**Task to carry out**
When the line with "박현경이 최근 이데일리와" comes up, set it down and every later line to the end of the data, exactly and without pictures.

**Data block**
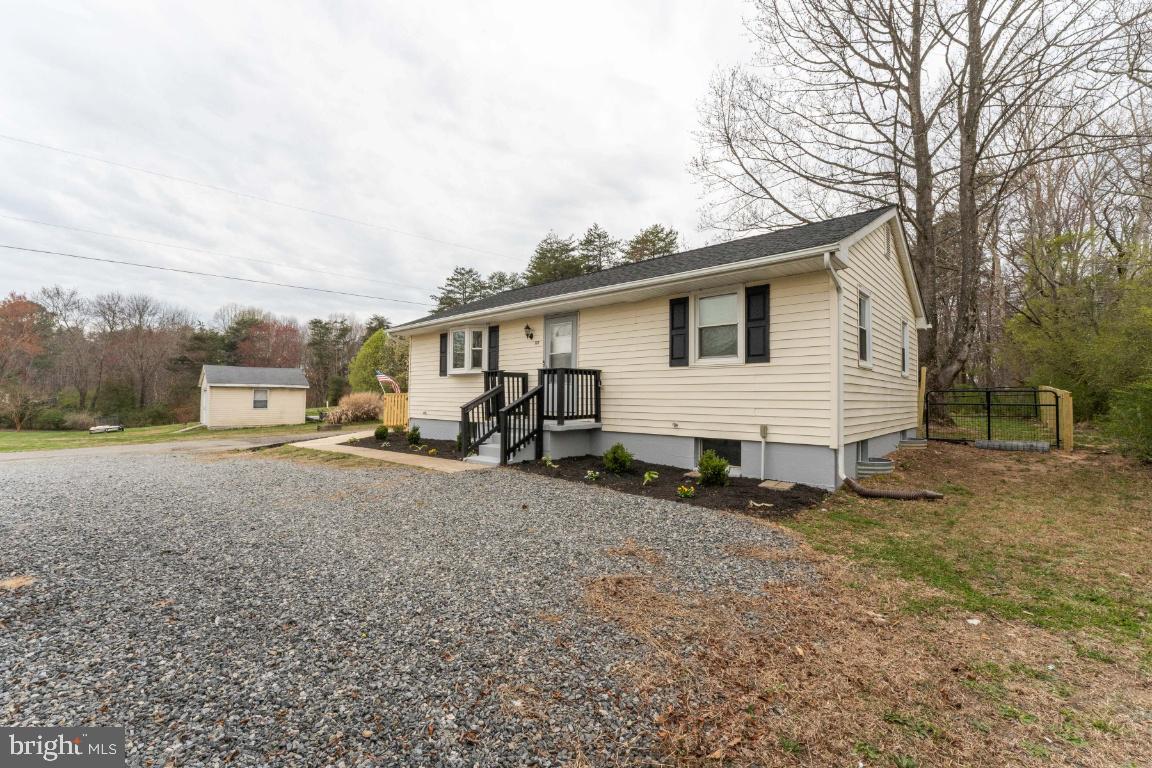 152 Greenbank Road Fredericksburg, VA 22406 - Photo 3 of 30
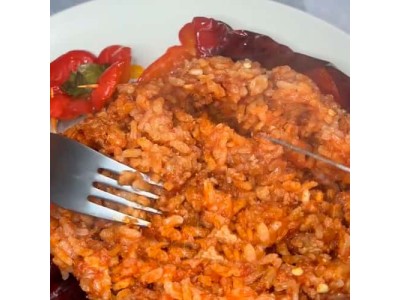 Receita de @cris_riceandmeal: pimentos recheados com arroz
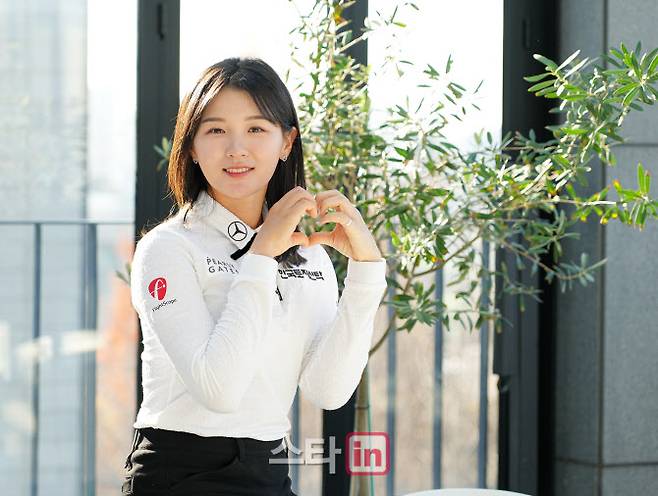 박현경이 최근 이데일리와 만나 인터뷰를 진행하며 사진 촬영에 임하고 있다.(사진=이데일리 골프in 조원범 기자)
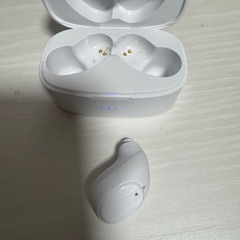 ダイソー　ワイヤレスイヤホン　片耳　充電器　TWS G273 DAISOの画像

**Solution for this problem**
 박현경이 최근 이데일리와 만나 인터뷰를 진행하며 사진 촬영에 임하고 있다.(사진=이데일리 골프in 조원범 기자)
 ダイソー　ワイヤレスイヤホン　片耳　充電器　TWS G273 DAISOの画像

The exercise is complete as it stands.